He had bought a well-made box with a good lock of heavy construction, and he was glad he had when he found deep scratches on the face of the lock and marks along the edges of the box resulting clearly from vain attempts to pry open the lid. A few days later, he returned to his room from the library to find the box pulled out from under the iron bedstead to which it was chained and with a few millimeters of nailfile tip broken off in the lock. The removal of this required no little effort and the necessity of borrowing a pair of tweezers from one of his co-boarders, Nurse Irun0 Thorsdottar. But a week later, he had to borrow them again to extract a short piece of stiff wire from the lock. On that occasion, he confided in Irunn about the problem of the thefts and attempted thefts, and between them they devised a plan to apprehend the thief in the act.
The tall, broad-shouldered and -hipped woman shook her blond head, her pale-blue eyes above her wide-spreading cheekbones mirroring disgust and anger. “Nothing lower, Mr. Moray, than a sneakthief. I’m not rich, precious few folks are these days, but if a body here was in real need, I’d loan them what I could and I judge you would too, so it can’t be no excuse for them to steal or try to steal from one of us. We’ll catch the snake, though, count on it.”
Milo and Irunn had, however, to bring one additional person in on their plot, and Rosaleen O’Farrell, upon being apprised of the cause for the scheme, was more than willing. So, on the day Milo left the house at this usual time, bound in the direction of the library, battered secondhand briefcase in hand; and Irunn long since having departed to begin her shift at the hospital, the second floor lay deserted as soon as the maids had finished sweeping and dusting it and moved on to the third floor, whereon two night-shift nurses lay sleeping.

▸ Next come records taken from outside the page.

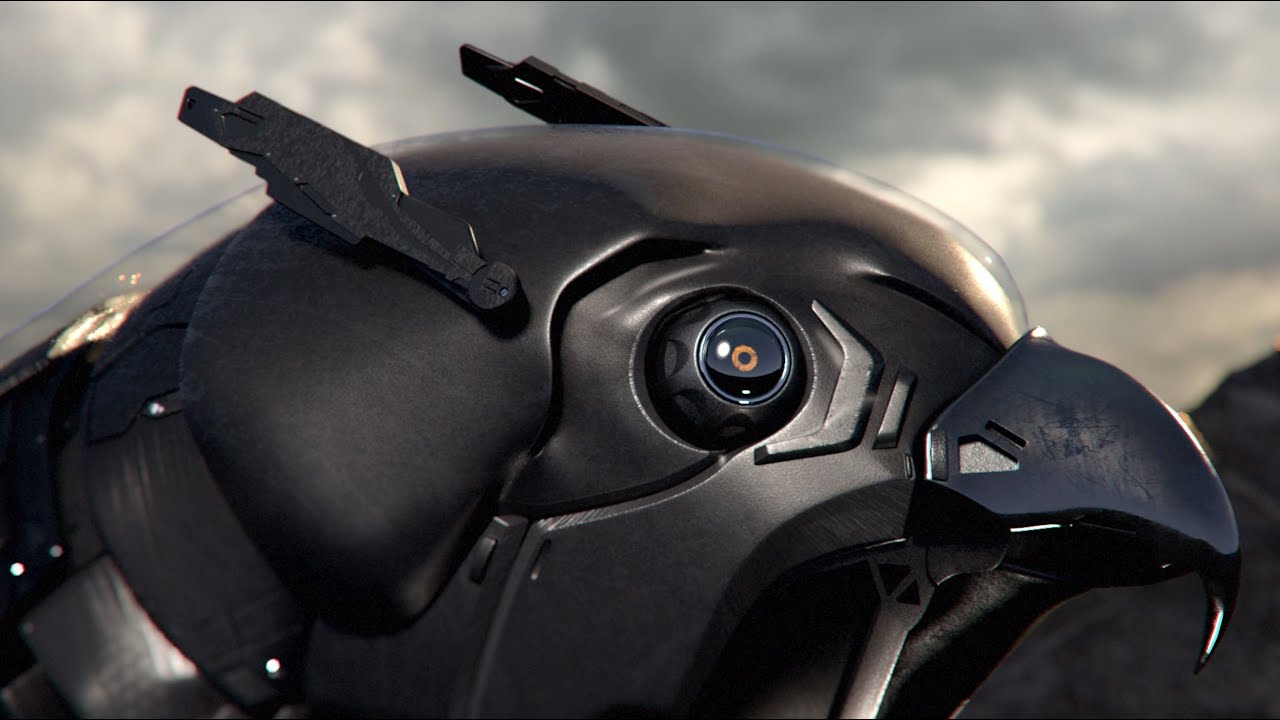 VIDÉO MAGNIFIQUE : L'INSOUTENABLE LÉGÈRETÉ DU CARBONE SATELLITAIRE (UR-220 Falcon Project) @URWERK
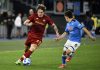 Roma-Napoli 0-0, primo pari per gli azzurri dopo 8 vittorie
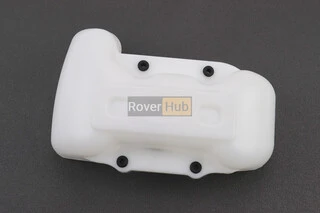 Бак паливний 1E40F-1E44F (кріплення 4отв, горловина збоку) Тип 1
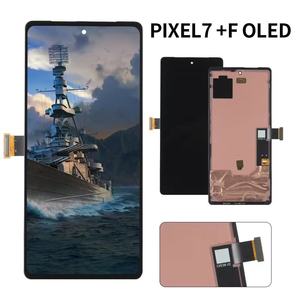 Écran LCD d'origine pour téléphone portable Google Pixel 3 4 5 6 7 <span class=keywords><strong>8</strong></span> 9 Pro 10 Pro XL 5a 6a 7a 8a 9a – Pièce de rechange - Product Image 2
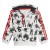 komplet dziecięcy adidas Spiderman Jogger DV0836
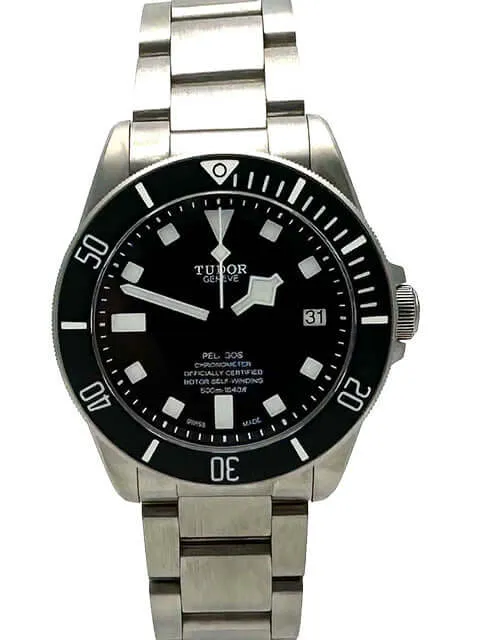 Tudor Pelagos Titan Black 25600TN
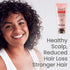 Ultra Scalp Care Conditioner, DHT Blocker for Thinning Hair, Promotes Thicker Growth with Biotin & Panthenol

Cautiously, Milo returned by way of the service entrance and Rosaleen let him up the back stairs, relocking the door behind him, then returning to her work. Safely out of sight behind the closed door of Irunn’s room—it being directly across the hall from his own—Milo opened the wooden slats of the Venetian window blind just enough to allow light for reading and settled himself in a chair with a library book to wait and read and listen. Nothing happened on that day, nor on the following two days, and he was beginning to think he was needlessly wasting time better spent elsewhere, but on the Friday, about midafternoon, he heard footsteps, two sets of them, and a whispered mutter of voices from the hall outside Irunn’s door. One of the voices sounded vaguely familiar; the other, deeper one did not.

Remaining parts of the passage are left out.